• _RECORDS_
———

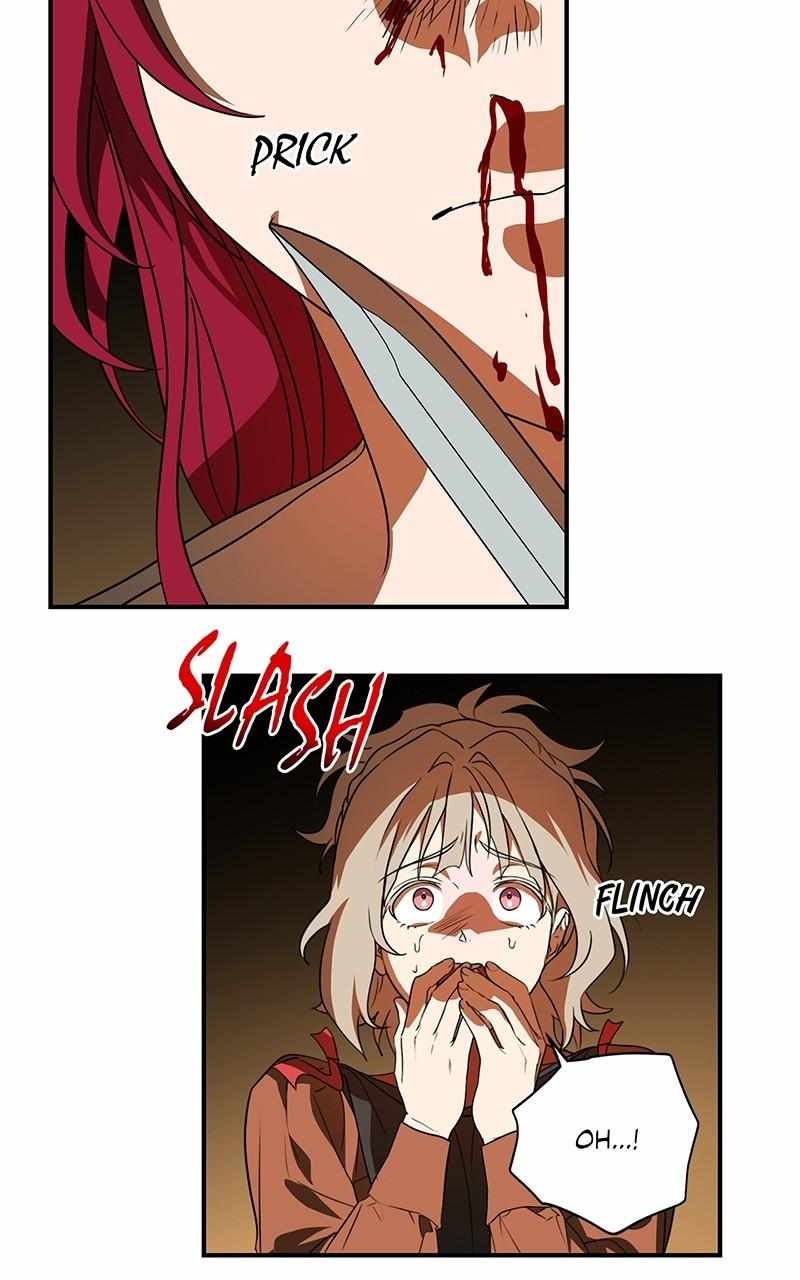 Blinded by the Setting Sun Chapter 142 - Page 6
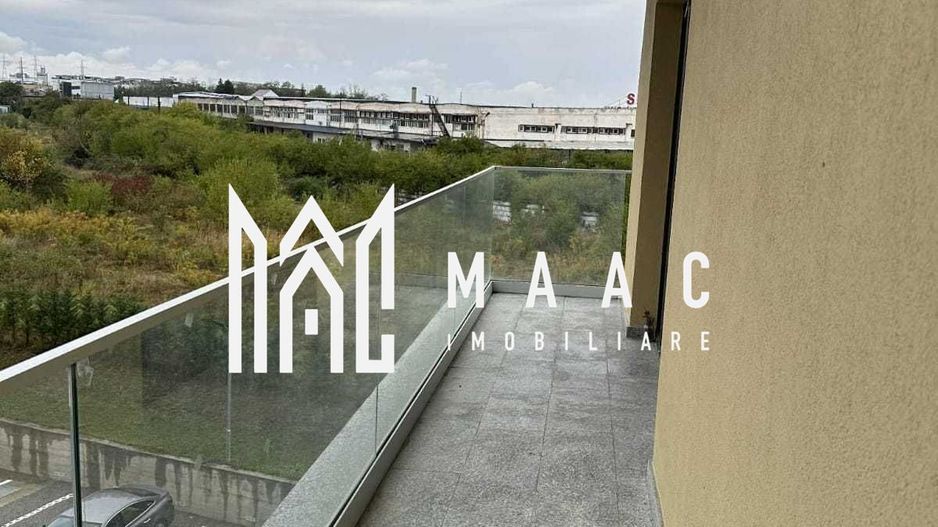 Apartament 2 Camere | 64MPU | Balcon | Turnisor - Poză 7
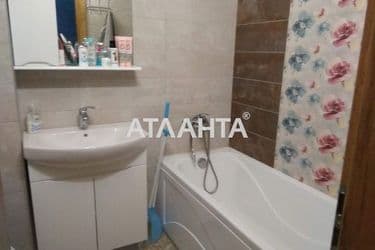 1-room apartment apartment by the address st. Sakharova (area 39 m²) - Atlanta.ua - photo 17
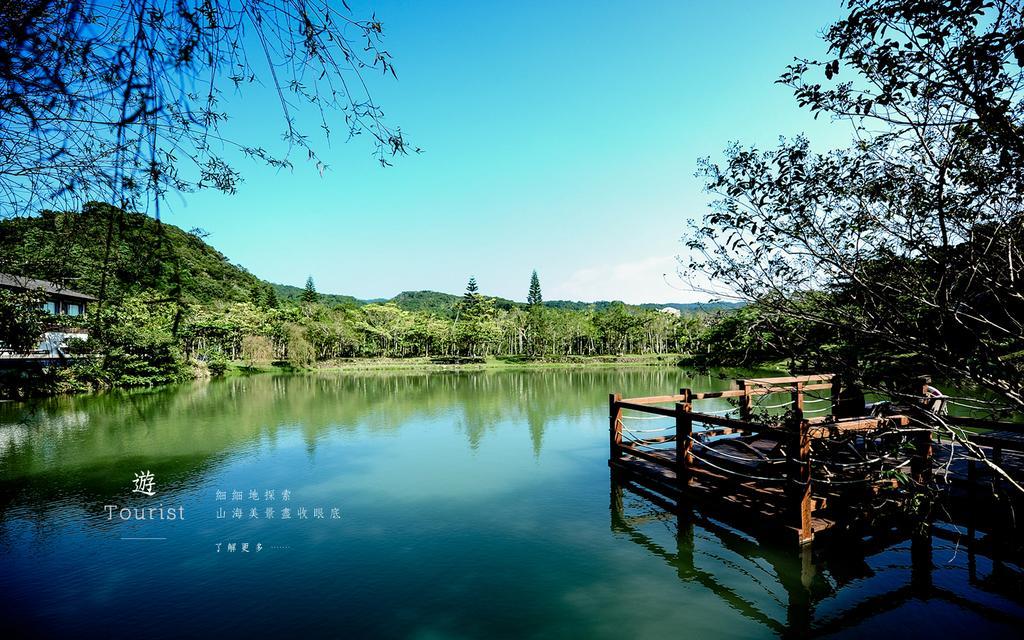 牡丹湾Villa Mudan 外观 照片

———

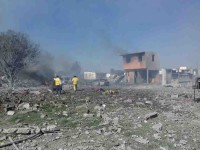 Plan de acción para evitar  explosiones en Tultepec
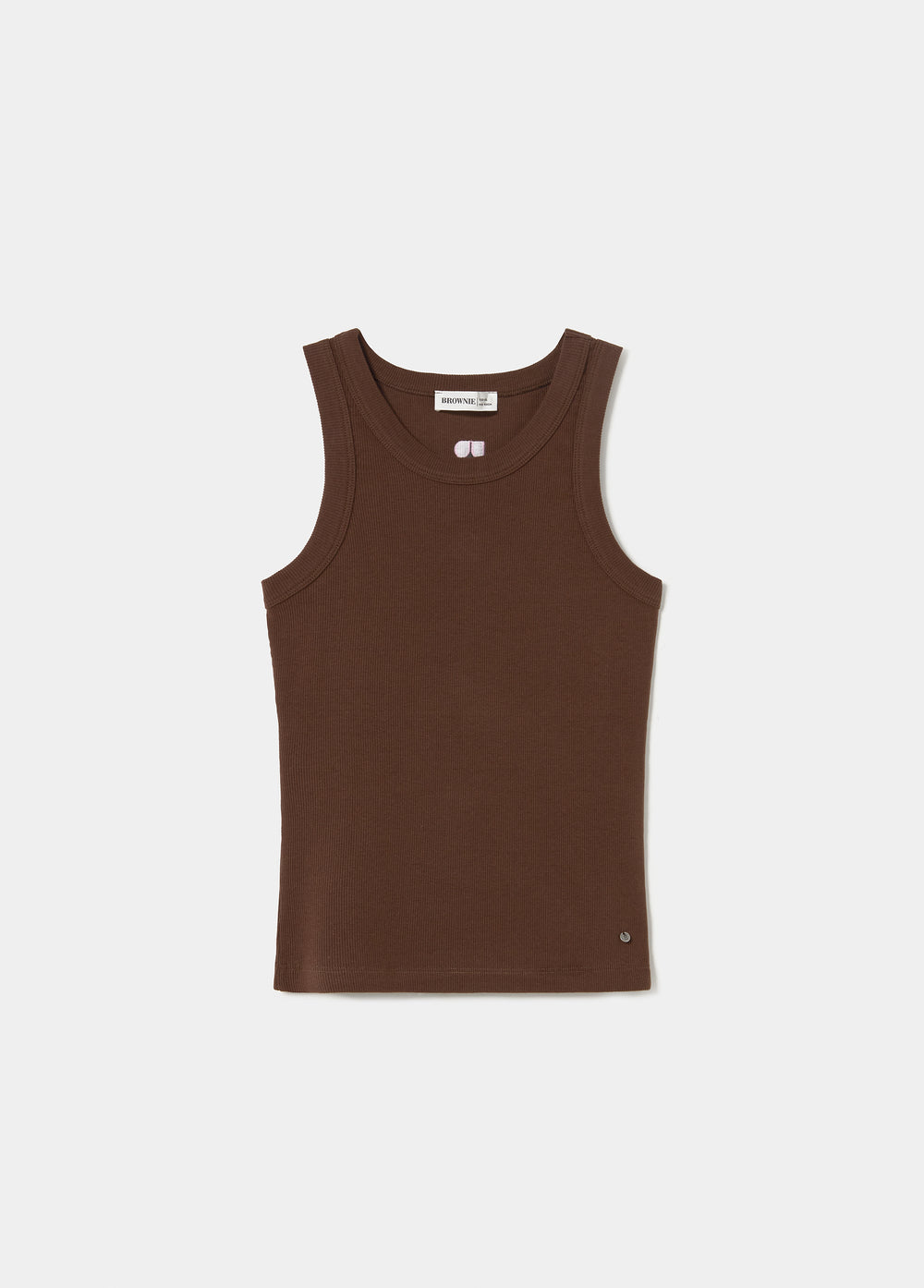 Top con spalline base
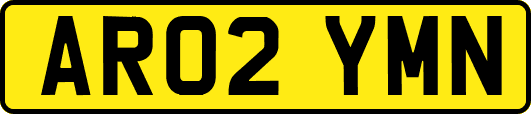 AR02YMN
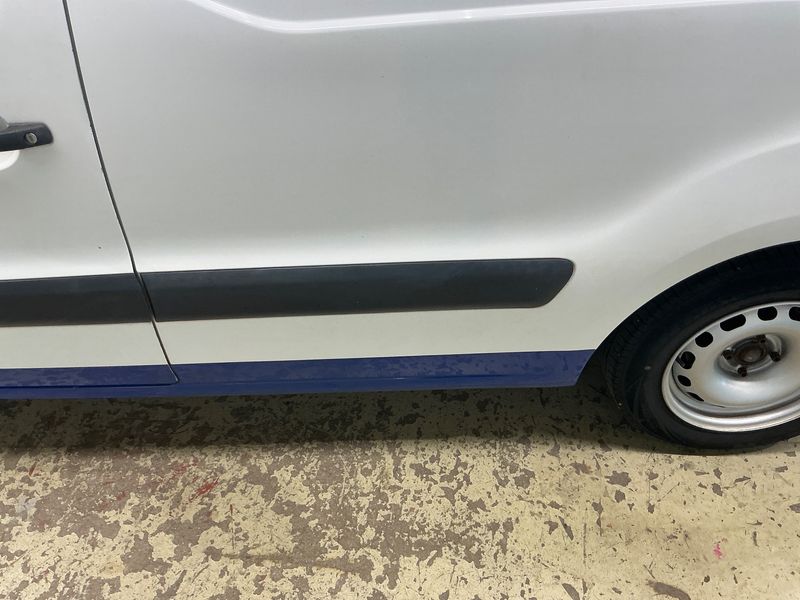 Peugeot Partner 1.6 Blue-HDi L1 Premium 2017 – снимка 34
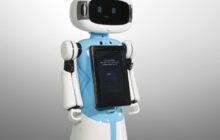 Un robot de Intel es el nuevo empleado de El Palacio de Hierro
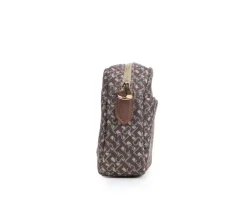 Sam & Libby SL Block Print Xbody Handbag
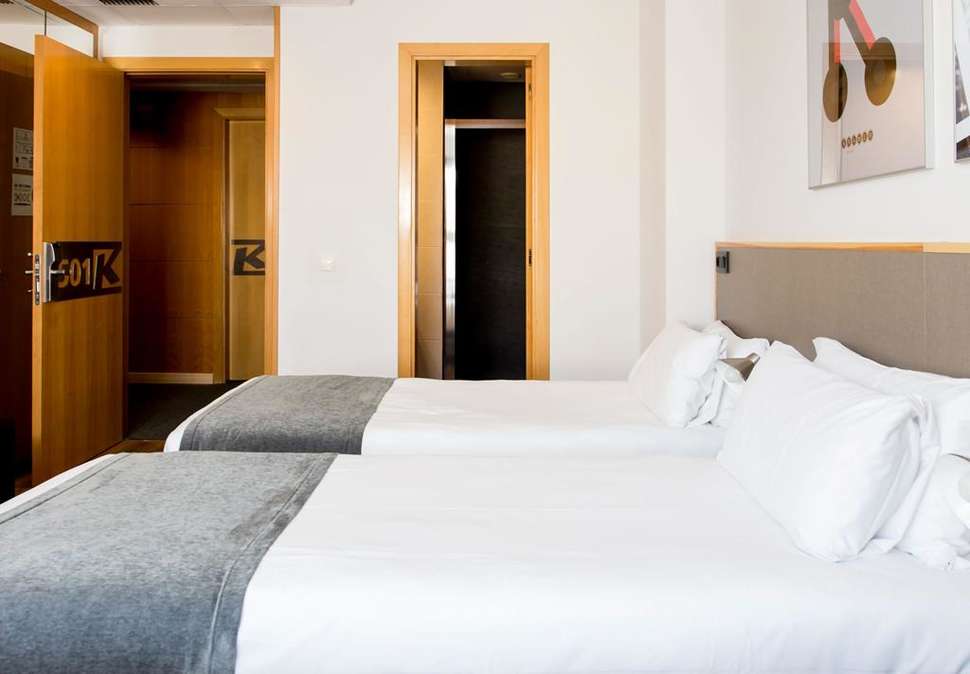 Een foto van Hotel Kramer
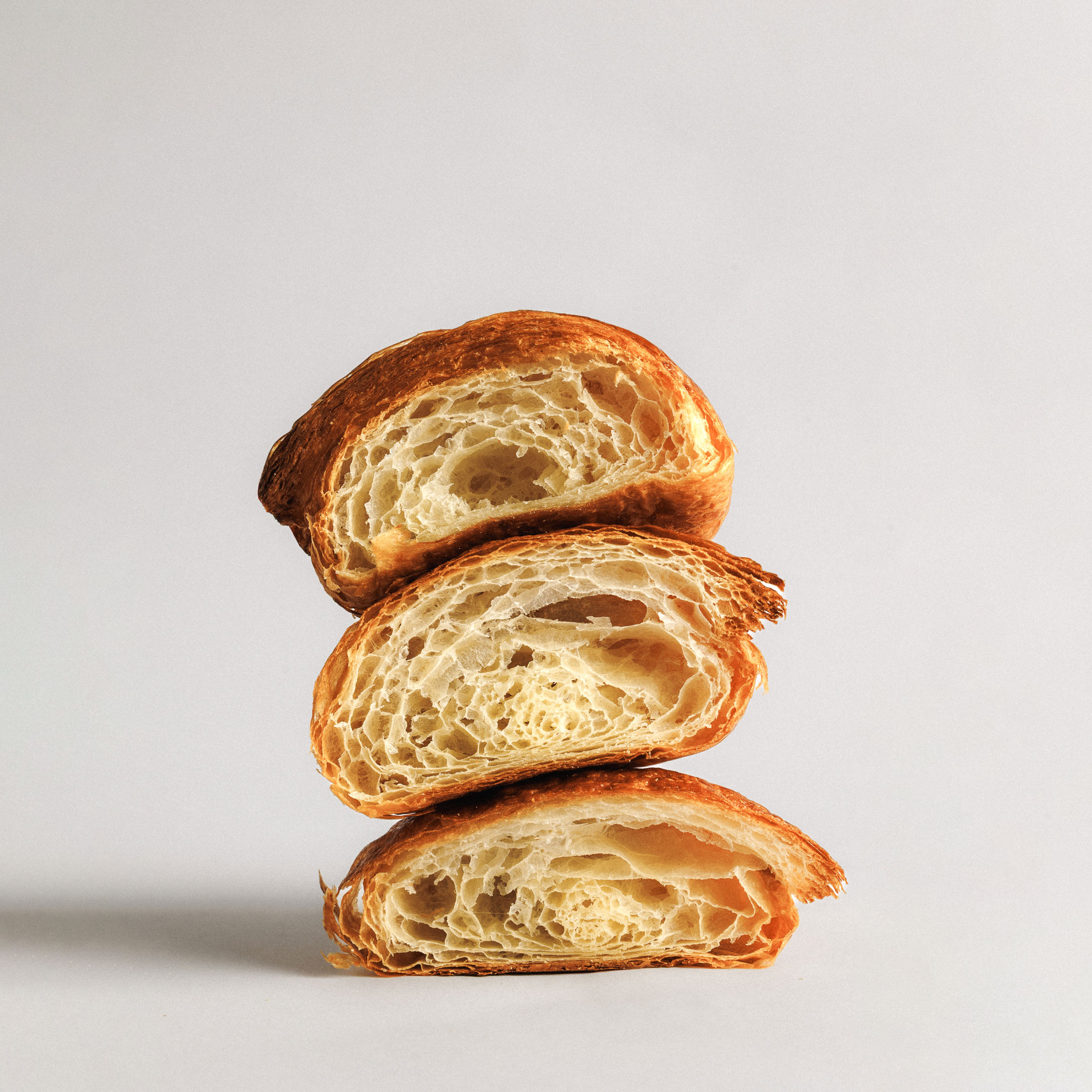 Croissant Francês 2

———

• _TASK ITEM_
Taking the records above, print only and exactly the lines from the line with "Blinded by the" to the line with "牡丹湾Villa Mudan 外观 照片", both kept, and exclude pictures.

• _EXPECTED ANSWER_
 Blinded by the Setting Sun Chapter 142 - Page 6
 Apartament 2 Camere | 64MPU | Balcon | Turnisor - Poză 7
 1-room apartment apartment by the address st. Sakharova (area 39 m²) - Atlanta.ua - photo 17
 牡丹湾Villa Mudan 外观 照片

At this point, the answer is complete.